Favreau, 53, who also played the character of Happy Hogan in six different Marvel films, explained that directors like Martin Scorsese and Francis Ford Coppola have earned the right to criticize the movies.
"These two guys are my heroes, and they have earned the right to express their opinions,” Favreau told CNBC. “I wouldn't be doing what I'm doing if they didn’t carve the way. They served as a source of inspiration, you can go all the way back to 'Swingers"... They can express whatever opinion they like.”
Earlier this month, Scorsese, 76, compared Marvel movies to theme parks, and said they're "not cinema."
Coppola, 80, agreed with him, calling the movies "despicable."
“When Martin Scorsese says that the Marvel pictures are not cinema, he’s right, because we expect to learn something from cinema, we expect to gain something, some enlightenment, some knowledge, some inspiration,” Coppola said at a recent award ceremony. “I don’t know that anyone gets anything out of seeing the same move over and over again. Martin was kind when he said it’s not cinema. He didn’t say it’s despicable, which I just say it is.”
"They're made as commodities like hamburgers, and it's not about communicating, and it's not about sharing our imagination," said Loach, 83. "It's about making a commodity which will make a profit for a big corporation – they're a cynical exercise. They're a market exercise, and it has nothing to do with the art of cinema."
James Gunn, director of "Guardians of the Galaxy" and its sequel, fired back on Twitter, saying that he remembers being upset when people slammed Scorsese's "The Last Temptation of Christ," and is "saddened by how (Scorsese's) now judging my films in the same way."

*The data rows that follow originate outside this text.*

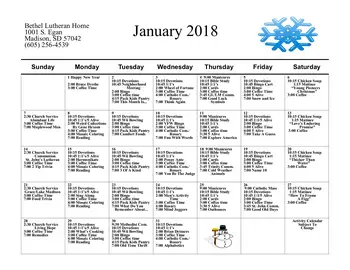Activity Calendar of Bethel Lutheran Home, Assisted Living, Nursing Home, Independent Living, CCRC, Madison, SD 7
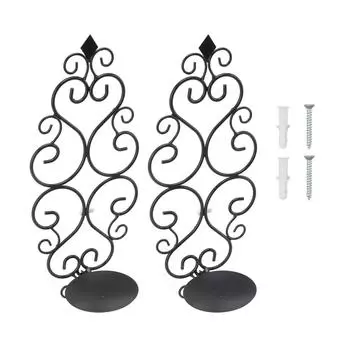 2 шт. Подсвечник Изысканный классический стиль Черный железный настенный подсвечник для гостиных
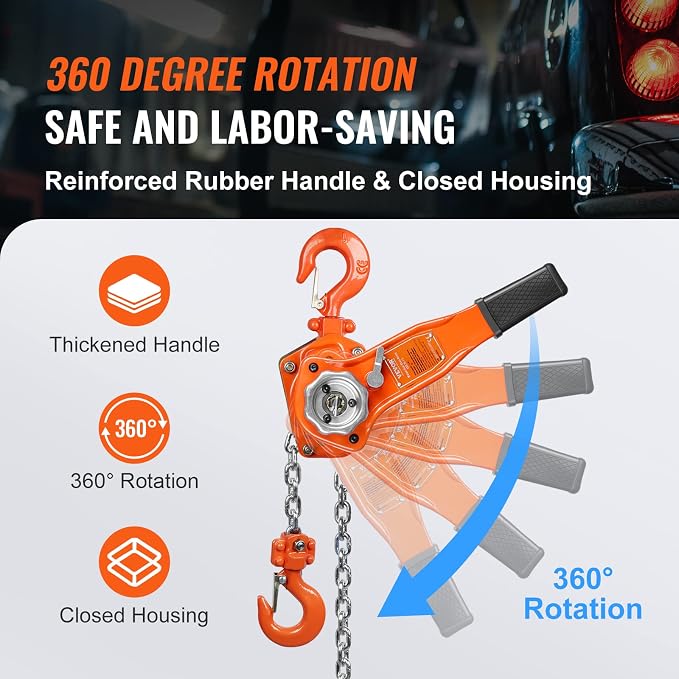 VEVOR Manual Lever Chain Hoist, 3/4 Ton 1650 lbs Capacity 10 FT Come Along, G80 Galvanized Carbon Steel with Weston Double-Pawl Brake, Auto Chain Leading & 360° Rotation Hook, for Garage Factory Dock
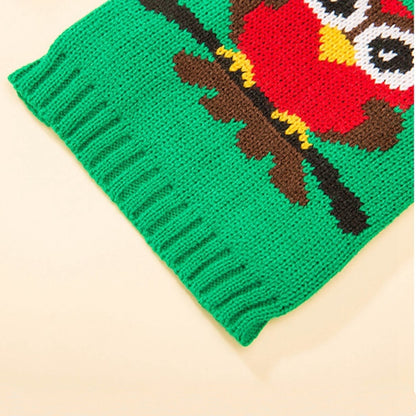 Ozzie - Owl Pattern Seasonal Dog Sweater for Puppies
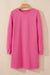 Solid Color Red Pink Textured Long Sleeve Straight Dress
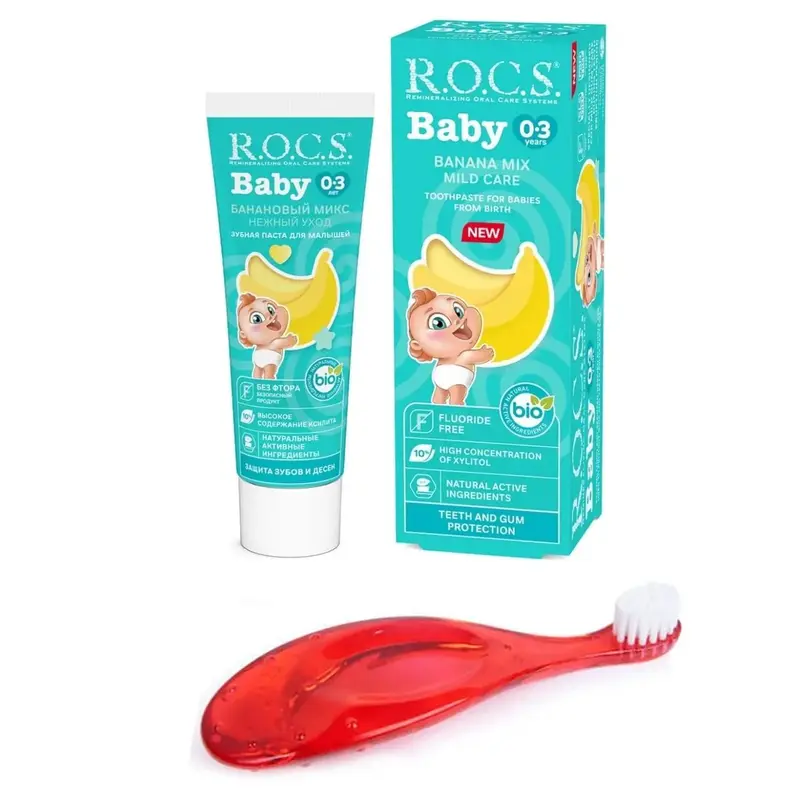 Rocs Baby Diş Macunu ve Fırça Seti Muz Tadında 0-3 Yaş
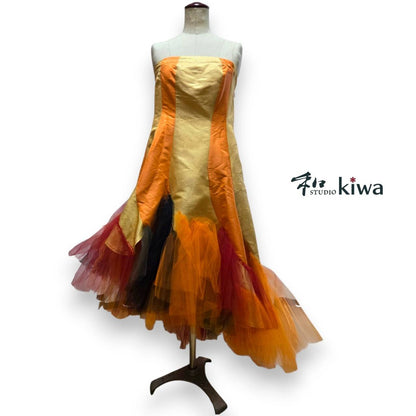 コレクションドレス　　エスカルゴワンピース　振袖　帯　花文様エスカルゴワンピース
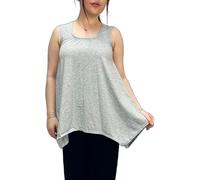 LUXE DIVA Ladies Summer Tops Womens Tops Vest Tops Women UK Womens Tunic Tops Ladies Tops Sleeveless Blouse Plus Size Swing Flared Tops Ladies Long Tops Size 8-26 Light Grey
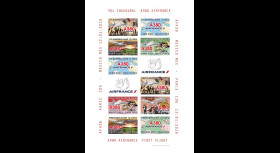 A380-293FND : 2016 - Feuillet 12 vignettes "A380 Air France Vol Inaugural Paris-Mexico"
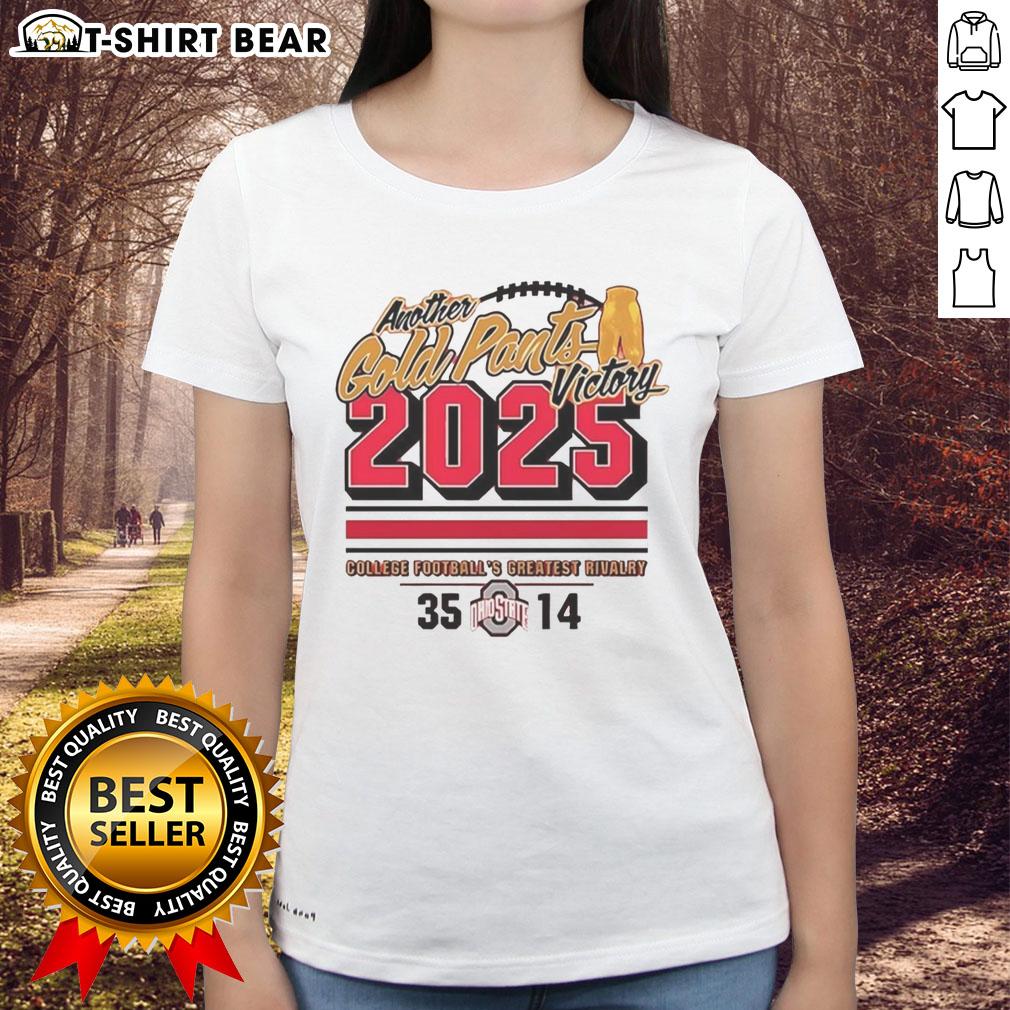 Official Ohio State Buckeyes 2025 Another Gold Pants Ladies Tee Official Ohio State Buckeyes 2025 Another Gold Pants Ladies Tee featuring team colors and logo for passionate fans.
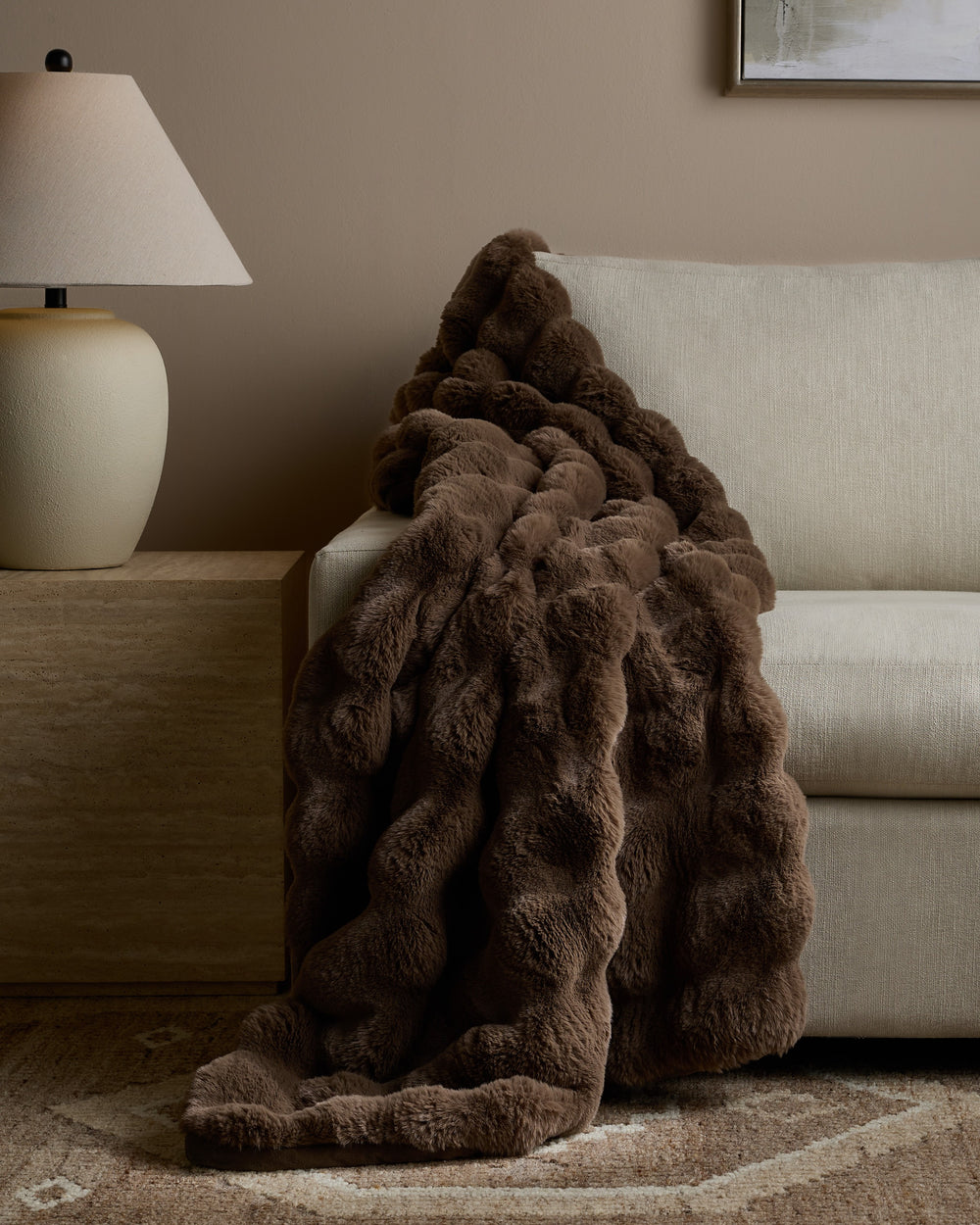 Ruched Faux Fur Throw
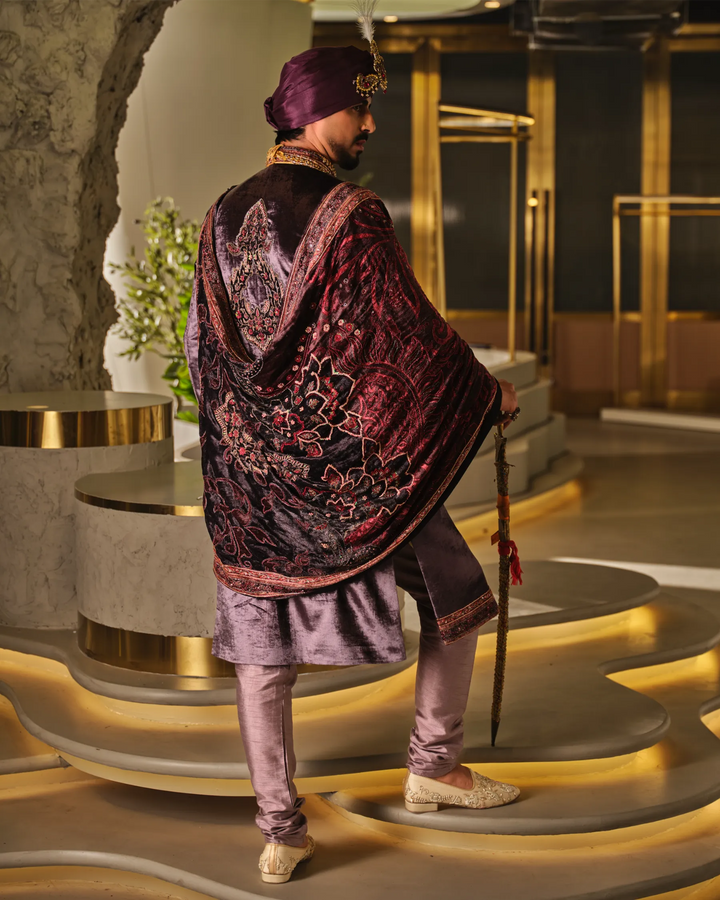 WINE SHERWANI SET WITH DIGITAL PRINT STOLE WITH HAND WORK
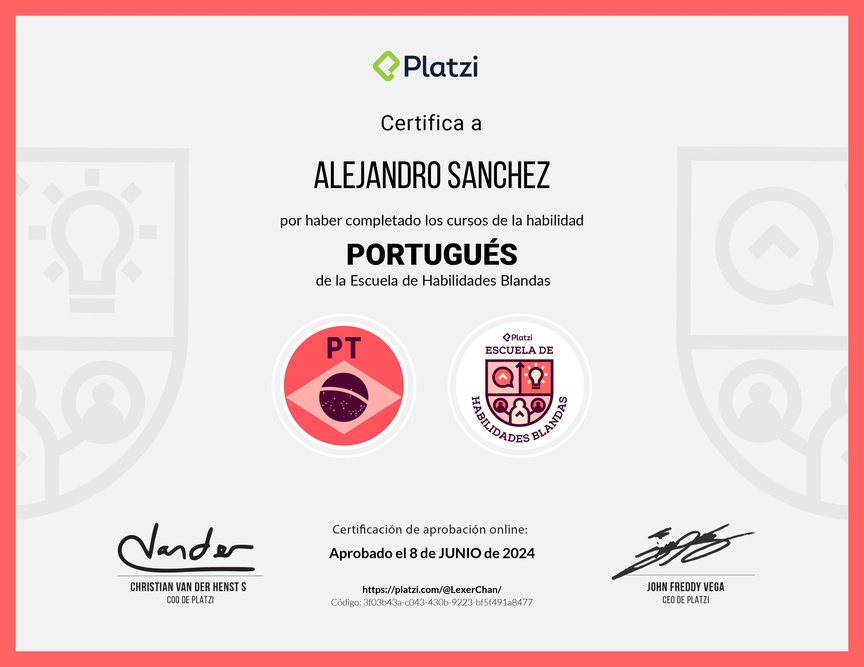 Diploma de la Ruta de Aprendizaje de Portugués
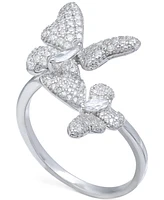 Cubic Zirconia Pave Butterfly Ring in Sterling Silver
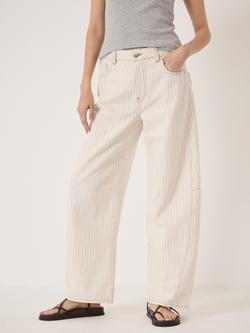 HUSH Bree Stripe Horseshoe Barrel Leg Jeans, White, White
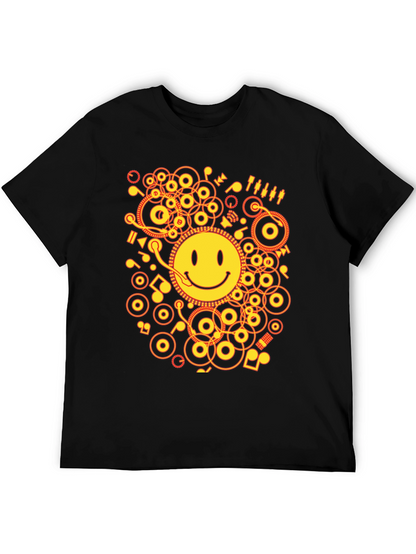 Smiley Face DJ Graphic Tee - Black Cotton Blend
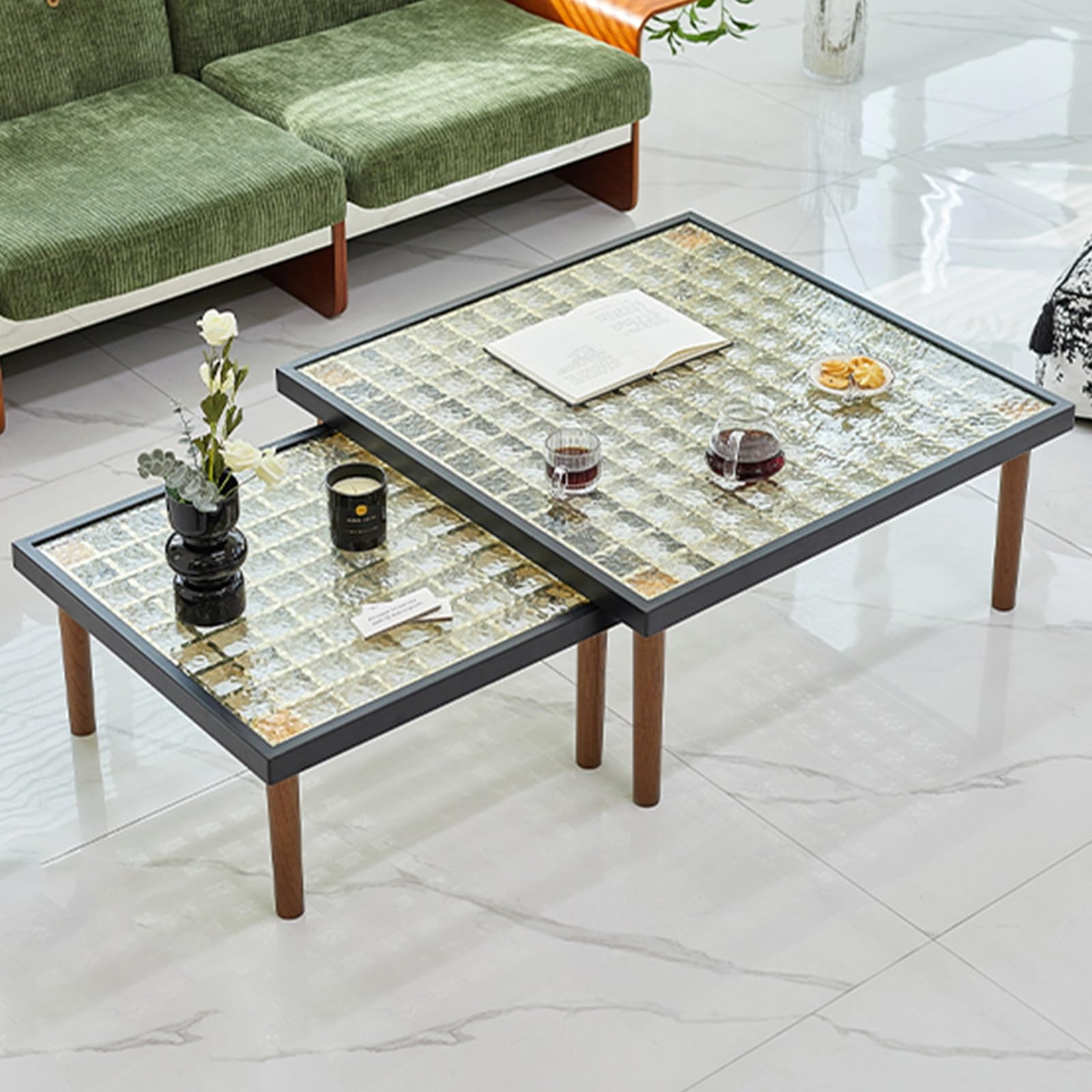 SXZenSpace Nesting Coffee Table Set of 2, Square Stacking Side Table, Tempered Glass Top, Easy Assembly, for Living Room Bedroom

Similarly, on his Instagram, Gunn, 53, shared a message saying: "Many of our grandfathers thought all gangster movies were the same, often calling them “despicable." Some of our great grandfathers thought the same of westerns, and believed the films of John Ford, Sam Peckinpah, and Sergio Leone were all exactly the same."
"...not everyone will be able to appreciate them, even some geniuses. And that's okay," added Gunn.
Downey, 54, who famously played Tony Stark in the Marvel Cinematic Universe, also spoke about Scorsese's comments in an interview with Howard Stern, expressing thoughts similar to Favreau's.
"I appreciate his opinion because I think it’s like anything — we need all of the different perspectives, so we can come to center and move on,” Downey Jr. said, prompting Stern to ask if he was insulted by the dig.
When asked whether Scorsese's comments insulted him, Downey responded: “It would be like saying Howard Stern isn’t radio... It makes no sense to say it.”
Jackson, 70, another staple of the franchise also fired back.
"I mean, that’s like saying Bugs Bunny ain’t funny. Films are films. Everybody doesn’t like his stuff, either,” Jackson told Variety. “Everybody’s got an opinion, so I mean it’s okay. Ain’t going to stop nobody from making movies.”
Portman, 38, who was once a very vocal critic of the franchise, is set to return for "Thor: Love and Thunder," and said to The Hollywood Reporter: "I think there's room for all types of cinema. There's not one way to make art."
In a press junket, Stan, 37, refuted Coppola's claims.
"People have been going up to me like, 'Thank you so much for this character,' 'This movie helped me out so much,' 'This movie inspired me. Now I feel better. Now I feel less alone,' so how can you say these movies are not helping people?"
The next Marvel film slated for release is "Black Widow," which will hit theaters in May of 2020.